[PROBLEM STATEMENT]
Could you write the entries out again, exactly as they are?
SOURCE MATERIAL Block Start
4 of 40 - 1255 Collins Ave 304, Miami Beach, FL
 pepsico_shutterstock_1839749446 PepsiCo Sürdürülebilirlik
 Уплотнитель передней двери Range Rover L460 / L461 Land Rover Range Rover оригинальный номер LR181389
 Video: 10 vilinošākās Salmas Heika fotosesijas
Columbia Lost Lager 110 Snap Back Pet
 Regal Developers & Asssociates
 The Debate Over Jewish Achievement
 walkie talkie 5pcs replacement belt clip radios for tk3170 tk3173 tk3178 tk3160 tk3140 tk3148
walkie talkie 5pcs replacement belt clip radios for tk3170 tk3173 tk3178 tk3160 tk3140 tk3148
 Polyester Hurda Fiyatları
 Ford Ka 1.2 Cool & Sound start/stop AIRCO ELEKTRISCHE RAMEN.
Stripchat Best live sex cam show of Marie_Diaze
SOURCE MATERIAL Block End
[WRITTEN SOLUTION]
4 of 40 - 1255 Collins Ave 304, Miami Beach, FL
 pepsico_shutterstock_1839749446 PepsiCo Sürdürülebilirlik
 Уплотнитель передней двери Range Rover L460 / L461 Land Rover Range Rover оригинальный номер LR181389
 Video: 10 vilinošākās Salmas Heika fotosesijas
Columbia Lost Lager 110 Snap Back Pet
 Regal Developers & Asssociates
 The Debate Over Jewish Achievement
 walkie talkie 5pcs replacement belt clip radios for tk3170 tk3173 tk3178 tk3160 tk3140 tk3148
walkie talkie 5pcs replacement belt clip radios for tk3170 tk3173 tk3178 tk3160 tk3140 tk3148
 Polyester Hurda Fiyatları
 Ford Ka 1.2 Cool & Sound start/stop AIRCO ELEKTRISCHE RAMEN.
Stripchat Best live sex cam show of Marie_Diaze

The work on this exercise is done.